Monday, May 03, 2010

Preface

The romance between films and their viewers languishes on for more than a century. Since the time of Thomas Edison’s Kinetoscope and Georges Melies’ adventure of a journey to the moon, times spent in the dark of a theater have caused us to fall in love, to go to war, to travel the stars. We’ve broken our hearts and mourned the dead. We’ve laughed, we’ve cried and screamed and we’ve cheered. None have denied the power of the motion picture.

My earliest movie memory was Sleeping Beauty, still one of my favorites from the Disney Vault. It’s classic tale and fantastic song set, along with the virtuous themes and undertones set the tone for my love affair with movies. As I grew up, fed on a steady diet of Disney and LucasFilms with a dash of John Wayne, I began to love a good story. My life left the screen into the pages of CS Lewis, Tolkein and Edgar Allen Poe.

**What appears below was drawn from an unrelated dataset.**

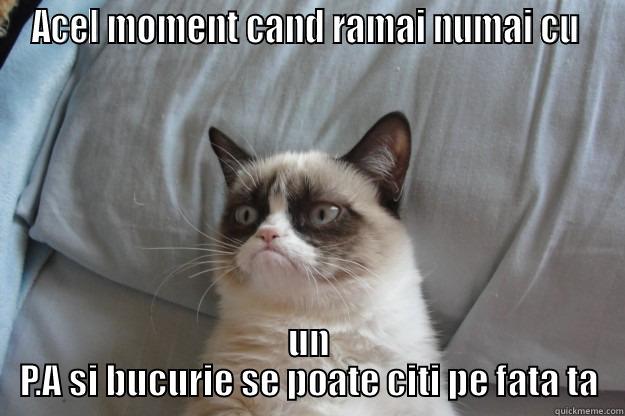 ACEL MOMENT CAND RAMAI NUMAI CU  UN P.A SI BUCURIE SE POATE CITI PE FATA TA Grumpy Cat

William Goldman pulled me back to the screen through his novel The Princess Bride as I realized I could invest in both. And so began my interest in fiction. I loved the creation of a world and the people populating that world. I joined the creative writing class during high school…and never left. My college years, spent studying story and how to put it on screen, led to more writing and the desire to study the innards of the motion picture.

Now my brain is wired differently to that little girl who wanted to love her prince and waltz along for eternity once upon a dream. And now my lab is open.